Heritage Buildings and Conservation Areas

Why is different action required for traditional properties?

There are around 450,000 traditionally constructed (pre-1919) buildings across the country, many of which are in use as private homes, offices, and public buildings. Scotland’s built heritage plays an important role in the country’s wider historic environment that needs to be protected. However, as there is also an urgent need to take action for climate change to protect Scotland’s future, we need to strike a balance between adapting some of our heritage assets to make them more resilient to the effects of our changing climate, without detracting from their overall attractiveness or that of their surroundings.

It is possible to care for, improve and adapt heritage properties to prolong their life and make them more energy efficient and resilient to the effects of climate change. However, in doing so it is necessary to follow certain processes and requirements to ensure that any changes are done so in a sympathetic and considered way, to ensure there are no detrimental effects to the heritage value of the property, and/or the surrounding area.

When thinking about what best to do to help tackle the effects of climate change, making changes to historic properties can sometimes at first appear to be a daunting challenge, but this need not be the case.
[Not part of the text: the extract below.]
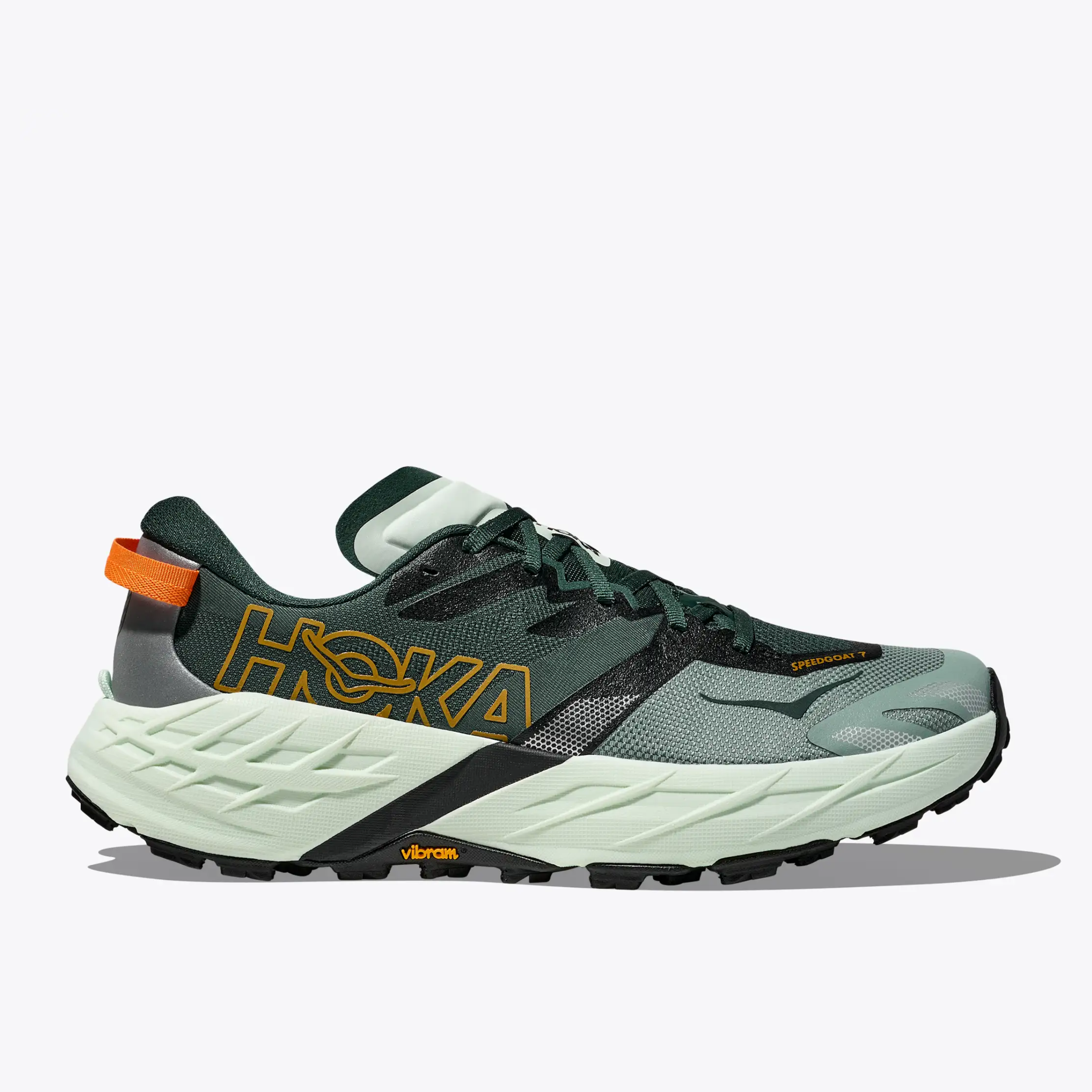 HOKA Men's Speedgoat 7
It is possible to care for, improve and adapt our traditional properties to safeguard them for the future, make them more energy efficient, and improve their resilience to changing weather conditions. It does, however, require a little bit of extra care and consideration to make these changes in a sensitive way.
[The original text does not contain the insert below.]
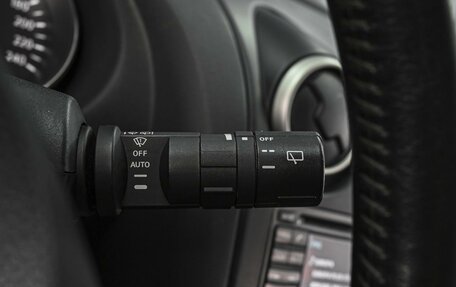 Nissan Qashqai, 2012 год, 965 700 рублей, 18 фотография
Making changes to historic properties can not only help safeguard important pieces of Scotland’s heritage, but it can also help avoid longer term property issues if done in a sympathetic way, respecting the buildings existing materials and how they work together to ensure the building remains healthy and fit for purpose. Traditional buildings perform differently to modern ones, so some common energy efficiency measures may not be appropriate. For example, directly replacing traditional timber windows with double or triple glazing or installing external wall insulation could result in moisture becoming trapped in the property, leading to issues of condensation or damp.

Below are a selection of the common impacts on traditional buildings linked to climate change:

Historic Environment Scotland has produced a series of helpful guidance targeted at traditionally constructed buildings. The guidance ranges from general advice to householders on how to improve the energy efficiency of their traditional properties through to more technical guides on how to properly maintain, adapt, renovate, or convert existing buildings to prolong their life and make them better able to withstand the effects of our changing climate.
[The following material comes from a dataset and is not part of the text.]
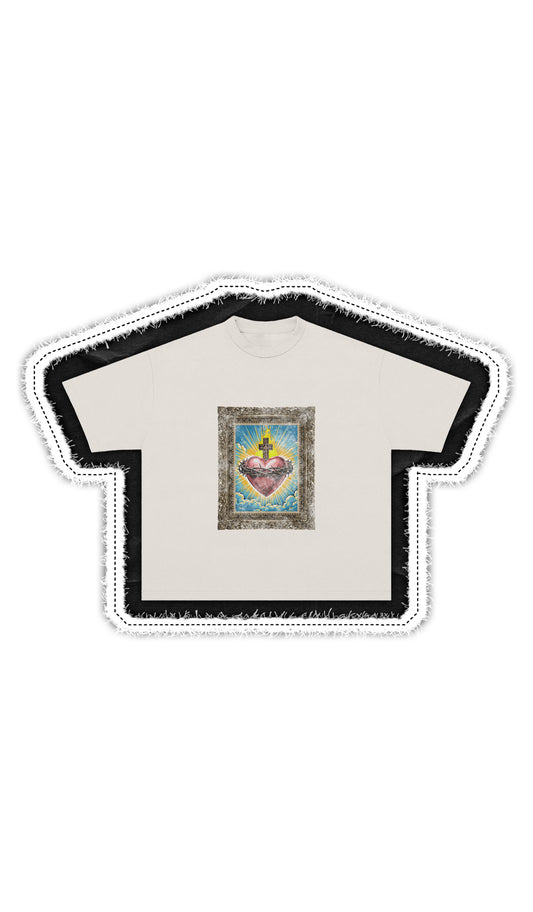 SACRED TEE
Energy Advice for Householders

Saving Energy in Traditional Buildings | Historic Environment Scotland

Inform Guide: Improving Energy Efficiency in Traditional Buildings (Historic Environment Scotland)

Short Guide: Fabric Improvements for Energy Efficiency (Historic Environment Scotland)

Maintaining and Adapting Traditional Buildings

Short Guide: Climate Change Adaptation for Traditional Buildings (Historic Environment Scotland)

Practical Advice on Conservation, Repair and Maintenance of Buildings (Historic Environment Scotland)

Sustainable Renovation - Improving homes for energy, health and environment by The Pebble Trust

Technical Papers - Energy Efficiency. Conservation and Adaptation

Historic Environment Scotland suite of Technical Papers for specific issues related to traditionally constructed properties


Historic Environment Repair Grant

Funding and Grant - Perth and Kinross Climate Action Website

A number of traditionally constructed properties across Perth and Kinross either have listed building status or are located within one of our many conservation areas. These designations mean that planning permission or listed building consent may be required for common measures to address climate change, such as solar panels or double glazing.

To check whether planning permission is required for your property, the Council has pulled together a number of checklists that cover different relevant areas – windows, solar panels, heat pumps, etc.

Every area or property is designated for different reasons, so there are not uniform rules that apply in all situations. When deciding planning applications, the Council will be looking for any changes to be done in a sympathetic and considered way, to ensure there are no detrimental effects to the heritage value of the property, and/or the surrounding area.

The Council provides an online interactive heritage map on its Heritage Conservation web pages, which you can use to check the location of Conservation Areas, Listed Buildings, Tree Preservation Orders, Gardens and Designed Landscapes, and Scheduled Monuments across Perth and Kinross. You can click on each asset on the map, and it will provide you with more detailed information about the date and type of designation, along with a link to either Historic Environment Scotland’s online records, or in the case of Conservation Areas and Tree Preservation Orders, Perth & Kinross Council’s records, which include further details about the specific asset and the reasons for its designation.

The Council’s Heritage Conservation pages also provide more details and guidance about what the different heritage assets are, any restrictions on development, when you require conservation area consent and listed building consent, and/or planning permission, and how you can apply for this. There are pre-application checklists for different application types that will help ensure that that all the required information is provided.

If you would like feedback on your application prior to applying for Planning Permission, the Council’s Conservation and Heritage Team can work with you through the Council’s pre-application service.